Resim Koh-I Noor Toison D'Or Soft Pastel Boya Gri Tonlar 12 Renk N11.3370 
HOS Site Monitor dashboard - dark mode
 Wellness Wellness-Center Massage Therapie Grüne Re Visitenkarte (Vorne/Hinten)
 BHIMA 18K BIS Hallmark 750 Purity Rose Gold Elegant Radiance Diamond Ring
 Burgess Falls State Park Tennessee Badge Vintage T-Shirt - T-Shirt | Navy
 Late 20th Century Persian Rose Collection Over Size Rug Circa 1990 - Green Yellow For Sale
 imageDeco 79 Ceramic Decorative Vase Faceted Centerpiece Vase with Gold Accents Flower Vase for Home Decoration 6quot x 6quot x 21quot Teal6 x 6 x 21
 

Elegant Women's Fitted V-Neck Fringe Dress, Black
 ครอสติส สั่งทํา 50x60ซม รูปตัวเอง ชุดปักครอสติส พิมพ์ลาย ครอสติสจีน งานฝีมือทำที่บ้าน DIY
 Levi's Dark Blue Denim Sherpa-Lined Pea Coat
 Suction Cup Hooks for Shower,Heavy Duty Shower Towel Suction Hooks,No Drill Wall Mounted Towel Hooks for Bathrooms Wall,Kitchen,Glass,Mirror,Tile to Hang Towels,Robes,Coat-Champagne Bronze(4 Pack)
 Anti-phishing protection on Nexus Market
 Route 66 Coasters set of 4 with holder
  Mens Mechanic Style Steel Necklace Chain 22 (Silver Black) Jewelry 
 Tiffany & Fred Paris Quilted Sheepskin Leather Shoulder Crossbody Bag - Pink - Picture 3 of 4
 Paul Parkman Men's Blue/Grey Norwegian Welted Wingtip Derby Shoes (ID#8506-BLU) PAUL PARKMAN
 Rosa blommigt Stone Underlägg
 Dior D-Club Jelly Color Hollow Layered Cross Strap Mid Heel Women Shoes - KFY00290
*****
▸ **ASSIGNMENT**
Please reproduce, exactly as they appear above, the lines from the line containing "imageDeco 79 Ceramic" up to and including the line containing "Elegant Women's Fitted".

▸ **EXERCISE OUTPUT**
 imageDeco 79 Ceramic Decorative Vase Faceted Centerpiece Vase with Gold Accents Flower Vase for Home Decoration 6quot x 6quot x 21quot Teal6 x 6 x 21
 

Elegant Women's Fitted V-Neck Fringe Dress, Black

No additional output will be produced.